Lisney's business was boosted by some large transactions during the year, including the sale of the Boland's Quay Development in Dublin's docklands to Google.

Lisney's managing director Duncan Lyster told The Irish Times that it sold about 450 second-hand homes last year, with an average price of about €750,000. Most of its sales are along the coast in south county Dublin, he added.

Earlier this week, property website MyHome.ie, which is owned by The Irish Times, said the average selling price for a house in the Republic rose by just 0.72 per cent last year.

Mr Lyster said house prices are “pretty flat” at the minute and an increase in the supply of new homes this year would further “dampen down prices”.

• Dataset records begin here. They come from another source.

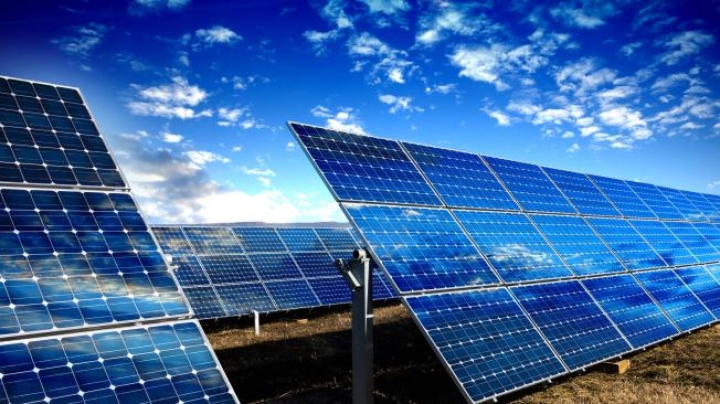 Desarrollan material cuántico que promete aumentar la eficiencia de paneles solares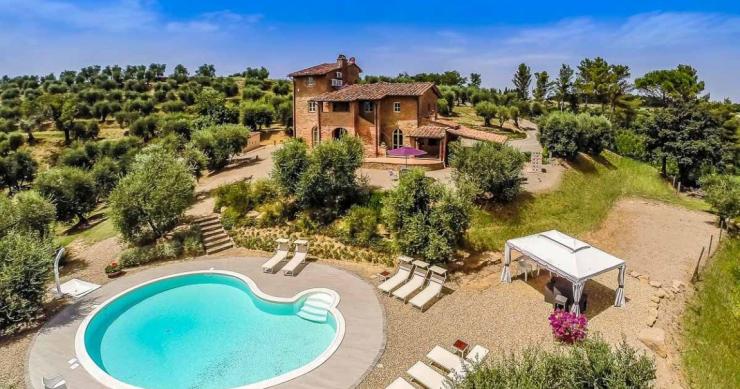 Alla scoperta di un’incantevole villa circondata da uliveti in Toscana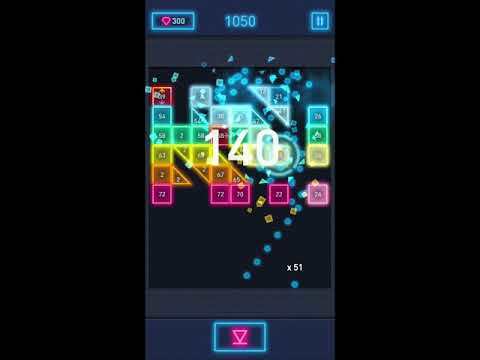 Screenshot dari video Brick Breaker: Neon Brick Ball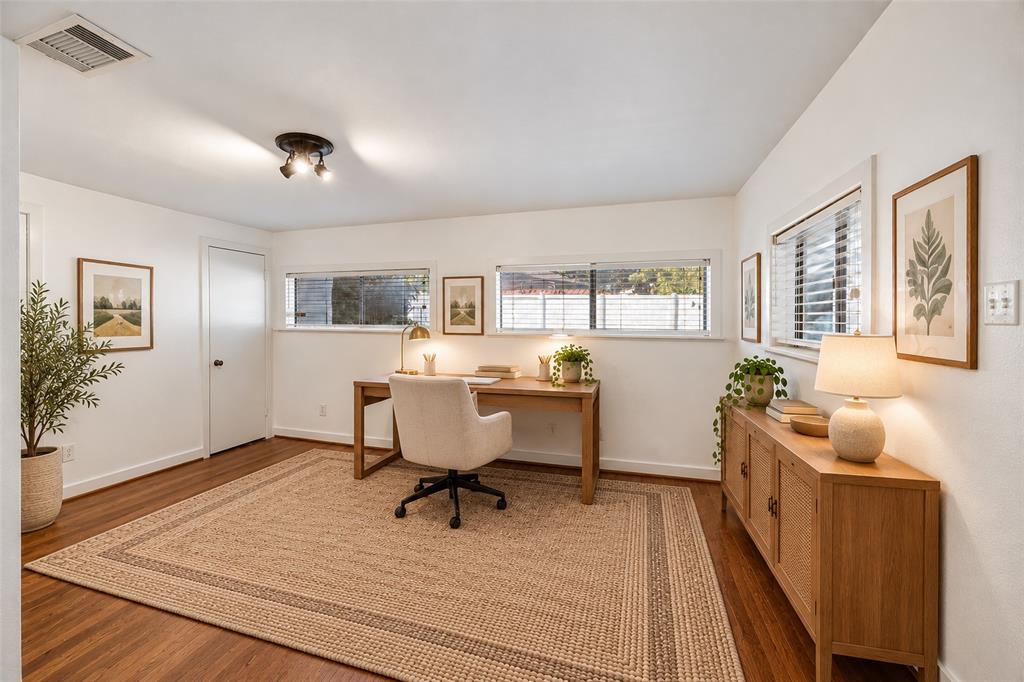 Separate Entry and En-Suite Bath- Virtually Staged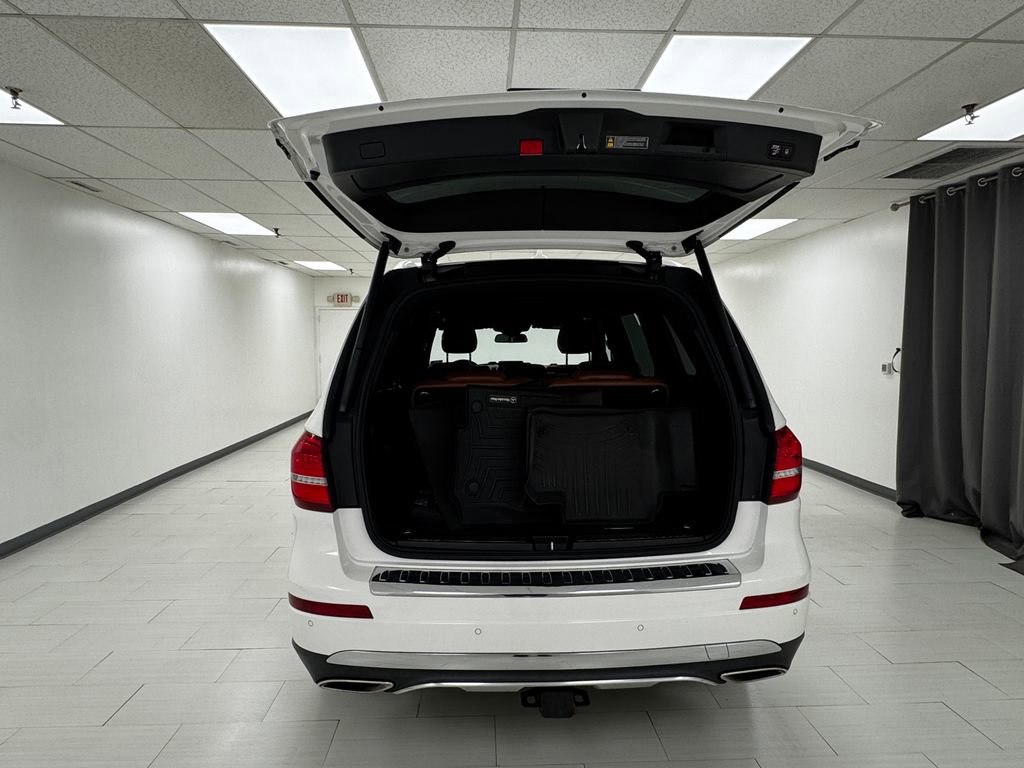 Used 2018 Mercedes-Benz GLS 450 4MATIC image 32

“Prices softened up late in 2018 and early in 2019,” he said, citing Brexit as a drag on sentiment. “Earnings aren’t moving dramatically and the macroprudential rules are having the desired effect.”

Mr Lyster said the upcoming general election could be a further negative for the property market here, with the possibility of a “throwaway comment” from a politician that could affect sentiment.

New office

Lisney is preparing to open a new office in Blackrock, Co Dublin, which will effectively replace one that closed recently in Dún Laoghaire. It opened in Dalkey last March.

“We are seeing the benefits of having the Dalkey office because the values are higher out there and we’re hoping Blackrock will do the same for us.”

It also signed a new long-term lease on its head office and refurbished its Earlsfort Terrace base, where its advisory and transactional teams are located.

Mr Lyster said second-hand residential sales account for about a third of its business, as do commercial transactions. Advisory and valuation work makes up about a quarter of its revenues, with the balance coming from its base in Cork, where it sold about 50 second-hand homes last year.

The company closed the year with shareholder funds of €3.85 million. Lisney’s staff numbers rose by 11 to 116 while its payroll costs increased by 14 per cent to €10.6 million. Directors remuneration rose by 9.5 per cent to €3.7 million.